Given the initial and the last dialog state embeddings $\mathbf{h}_{0}$ and $\mathbf{h}^{(k)}$ , we decode the multi-action probability distribution $\mathbf{p}^{(k)}$ with a neural network applied to each path separately and identically. Since our task formulation posits no dependency among atomic dialog actions, following Li et al. (2020), we perform binary classification for each specific action in the atomic dialog action space independently to decide whether it is selected. Specifically, we instantiate the decoder $\mathbf{p}^{(k)}=[\mathbf{p}^{(k)}_{1}:\ldots:\mathbf{p}^{(k)}_{M}]$ , where $k$ refers to the planned path and $M$ is the size of the action space. Each $\mathbf{p}^{(k)}_{m},m=1,\ldots,M$ is a vector computed as:

\mathbf{p}^{(k)}_{m}=\texttt{FFN}^{dec}_{m}([\mathbf{h}_{0}:\mathbf{h}^{(k)}]).

Future efforts at exploring different decoders may further improve the performance.

3.6 Ensemble Prediction

The performance of the proposed model is affected by the quality of the planned dialogs. To reduce the impact of low-quality dialogs, we propose to ensemble the multi-action probability distributions with an aggregation function, i.e.,

\mathbf{P}_{t}=\mathrm{Aggr}(\mathbf{p}^{(1)},\ldots,\mathbf{p}^{(K)})

where $\mathrm{Aggr}(\cdot)$ is the mean average in our case.

Task-oriented dialogs share a critical “one-to-many” nature that different responses may be proper under the same context, making it essential to incorporate stochastic factors to build a multi-action dialog policy. We empirically verified that this stochasticity could be achieved with probability sampling.
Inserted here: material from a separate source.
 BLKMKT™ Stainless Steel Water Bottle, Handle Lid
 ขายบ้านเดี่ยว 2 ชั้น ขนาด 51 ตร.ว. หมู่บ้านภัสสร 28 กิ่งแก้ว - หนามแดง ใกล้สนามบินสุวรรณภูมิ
In our case, we apply the Gumbel-Sigmoid function to sample the macro-action, that is,

\mathbf{A}_{t}=\mathrm{GumbelSigmoid}(\mathbf{P}_{t})=\frac{e^{(\mathbf{P}_{t}+g_{1})/\tau}}{e^{(\mathbf{P}_{t}+g_{1})/\tau}+e^{(\mathbf{P}_{t}+g_{2})/\tau}}

Here $\mathrm{GumbelSigmoid}(\cdot)$ is a modification of the Gumbel-Softmax function, regarding sigmoid as a softmax with two logits $p$ and $0$ . $\tau$ denotes the temperature factor, $g_{1}$ and $g_{2}$ are Gumbel noises.

3.7 Training

We use a multi-task objective to train all the modules jointly.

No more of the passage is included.